Dr Chan said it is possible that the self-disinfecting surfaces become contaminated with use as the efficacy of coatings depends on the following factors:

  • The adhesion quality of the coating to the applied surface

  • The amount of virus and bacteria deposited on it

  • Force asserted on the coated surface during cleaning

  • Surface acidity

  • Dirt deposited

Notably, “the surface can become covered with ‘killed’ viruses and bacteria so that they cannot kill ‘fresh’ viruses and bacteria again”, she said.


Speaking to TODAY, scientist Steve Kritzler, who is behind anti-microbial coating products Aeris Active and Evocide Extra, would only claim that their residual film, when used in high traffic areas, can remain active for seven days, or 200 hand touches.

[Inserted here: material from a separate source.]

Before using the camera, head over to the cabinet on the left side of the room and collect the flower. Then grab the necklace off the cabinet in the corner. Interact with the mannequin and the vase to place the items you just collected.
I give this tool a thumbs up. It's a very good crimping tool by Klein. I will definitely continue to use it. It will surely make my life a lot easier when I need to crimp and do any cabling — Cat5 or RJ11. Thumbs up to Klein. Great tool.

“In low traffic areas, we have certainly validated periods of over 90 days… (But) frankly, in any high traffic area, re-application of the product more regularly than 90 days is (required),” said the technical director at the Australia-based Novapharm Research.

Dr Kritzler added that there is currently no anti-microbial coating that can effectively control microbial populations for long periods.

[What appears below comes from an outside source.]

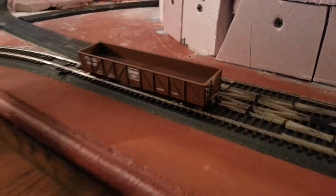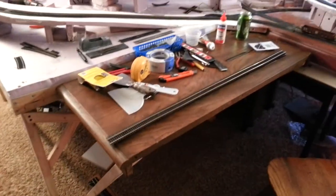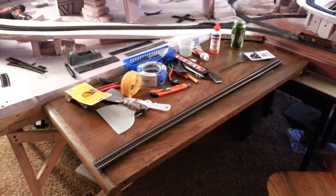This is Dan's update number seven. Today I put in a work table — decided that would be good to have what they call bench work.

The only surface that managed to achieve this against bacteria and fungi is a “very expensive” material called anti-microbial copper, he said.

Over a video interview on Saturday (April 18), Dr Yeo said coating technologies infusing silane chemistry had been around for more than 20 years, but it alone can only give 30 days of protection or less, depending on abrasion and frequency of the surface’s use.

He said the SDST product included a few proprietary molecules that work together with the silane quaternary ammonia compounds to give an extended period of protection of up to 90 days.

Responding to claims of high ATP counts found on surfaces treated by SDST, Dr Yeo said the high readings require further investigation.

Asked what could have gone wrong, he said that it could be because the coating had been scratched off. He observed at least four users hitting the buttons with their keys on Friday alone when he returned to some HDB lifts a month after SDST had been applied.

Another reason could be that certain hand sanitiser or hand cream smeared onto the surfaces had thrown off the ATP readings, Dr Yeo said. To demonstrate, he squirted drops of two brands of hand sanitiser on a surface in his room and conducted ATP tests there. The two readings are 9,248 RLU and 3,343 RLU.

High readings do not always mean that the coating had lost its efficacy way before the 90-day mark, he added.


While he is selling the product, Dr Yeo said it would be “harmful and misleading” for the community to think that they no longer need to wash their hands since such coatings had been used to treat frequently-touched surfaces in public.

The coatings merely reduce the risk of transmission, he said.

Dr Yeo reiterated that the product is self-disinfecting but not “self-cleaning”, since dirt, oil or saliva can still cover the coatings, rendering its properties ineffective.

Dr Lim said the general public should still adopt a “conservative approach” when implementing such products to protect against virus transmission and “not be over-reliant on them”.

“Always know that there are limitations in terms of how effective and sustainable such coatings can be,” he added.

“While such coating, when effective, can act as a hurdle against contaminations, it is still advisable for us to have good hygiene practices to minimise the chance of getting microbial or virus contaminations, or both.”